Vereinte Nationen

"Die UN-Charta ist noch so aktuell wie vor 70 Jahren"

Die Generalversammlung der UNO in New York, aufgenommen am 07.06.2012
Die Generalversammlung der UNO in New York © afp / Timothy A. Clary
Moderation: Liane von Billerbeck |
Heute vor 70 Jahren trat die Charta der Vereinten Nationen in Kraft. Ex-Diplomat Gunter Pleuger betont die Bedeutung der Organisation im Zuge der Globalisierung und fordert eine Reform des Sicherheitsrates.

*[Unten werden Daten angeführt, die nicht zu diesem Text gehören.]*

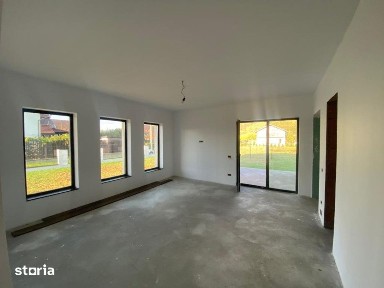 Casa 3 dormitoare, 196 mp, garaj si 8 ari teren, zona Tautii-Magheraus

Liane von Billerbeck: Was verbindet Chruschtschows Schuh, die Blauhelme und den Sicherheitsrat? Alle drei gehören zu den Vereinten Nationen, zur UNO. Heute vor 70 Jahren trat die Charta der Vereinten Nationen in Kraft. Sie war ja ein Kind, geboren aus den blutigen Erfahrungen des Zweiten Weltkrieges. Die UNO, heute ein Zusammenschluss von 193 Staaten, sollte den Weltfrieden sichern, dafür sorgen, dass das Völkerrecht eingehalten wird, die Menschenrechte geschützt werden und die internationale Zusammenarbeit klappt.
Wie zeitgemäß und vor allem wie schlagkräftig die UNO heute noch ist, das wollten wir von Gunter Pleuger wissen, mit dem ich gestern gesprochen habe. Der Diplomat war von 2002 bis 2006 Ständiger Vertreter der Bundesrepublik bei der UNO und amtierte auch im Februar 2003/2004, zu Zeiten des Irak-Krieges, als Deutschland den Vorsitz im Weltsicherheitsrat inne hatte. Inzwischen ist er Präsident der Europa-Universität Viadrina in Frankfurt/Oder und von dort zugeschaltet. Herr Pleuger, ich grüße Sie!

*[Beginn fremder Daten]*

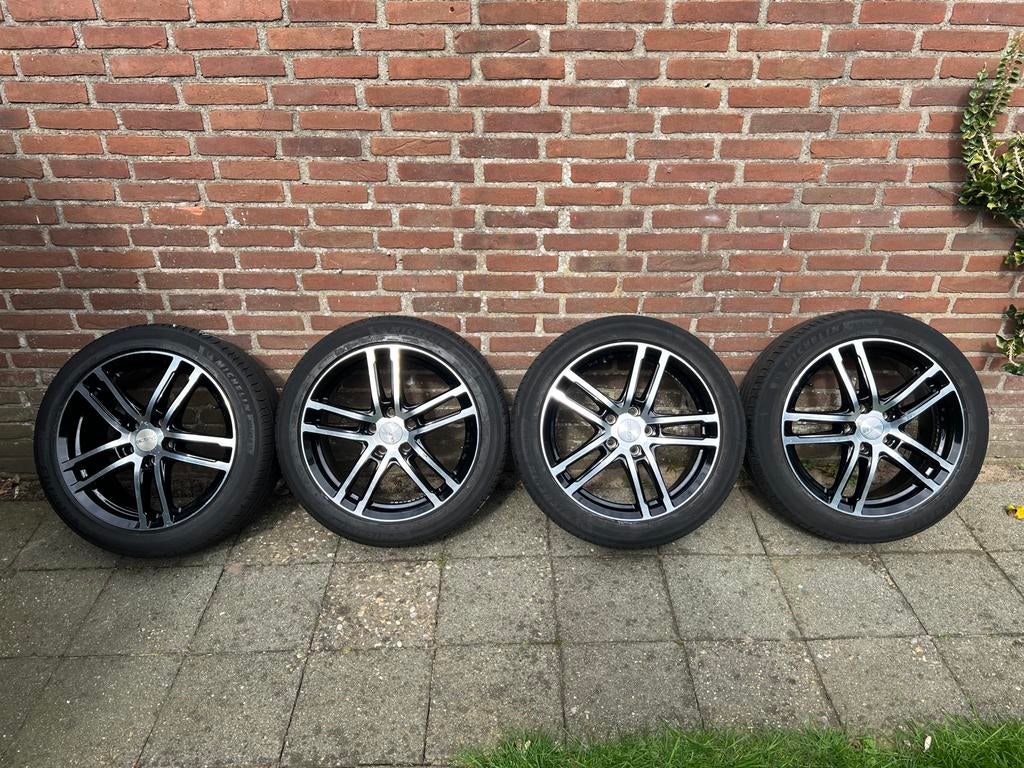 Volvo V70 17 Inch Velgen Michelin 225/45 R17, Ophalen, Velg(en), 17 inch, Zomerbanden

Gunter Pleuger: Guten Tag, Frau von Billerbeck!
von Billerbeck: 70 Jahre, nachdem die UN-Charta in Kraft trat, ist die UNO nur noch ein schöner alter Traum, der viel kostet und politisch wenig bringt?
Globale Organisation für globale Lösungen
Pleuger: Das glaube ich gar nicht. Ganz im Gegenteil: Wir brauchen die UNO heute, im Zuge der Globalisierung, noch sehr viel mehr als vor 70 Jahren. Sehen Sie, es gibt viele globale Probleme, die kein einzelner Staat mehr, sei er auch noch so mächtig, allein lösen kann. Dazu brauchen wir eine globale Organisation für globale Lösungen. Und die einzige Organisation, die wir dafür haben, sind die Vereinten Nationen. Und die gilt es zu stärken, und vor allen Dingen dadurch zu stärken, dass den Mitgliedsstaaten gesagt wird, die UNO kann nur das leisten, was ihr Mitgliedsstaaten wollt. Denn die UNO ist eine große internationale Konferenz, in der mit Mehrheit entschieden wird. Und wenn die Mehrheit dafür ist, ein Problem anzugehen und zu lösen, dann ist das der UNO auch möglich.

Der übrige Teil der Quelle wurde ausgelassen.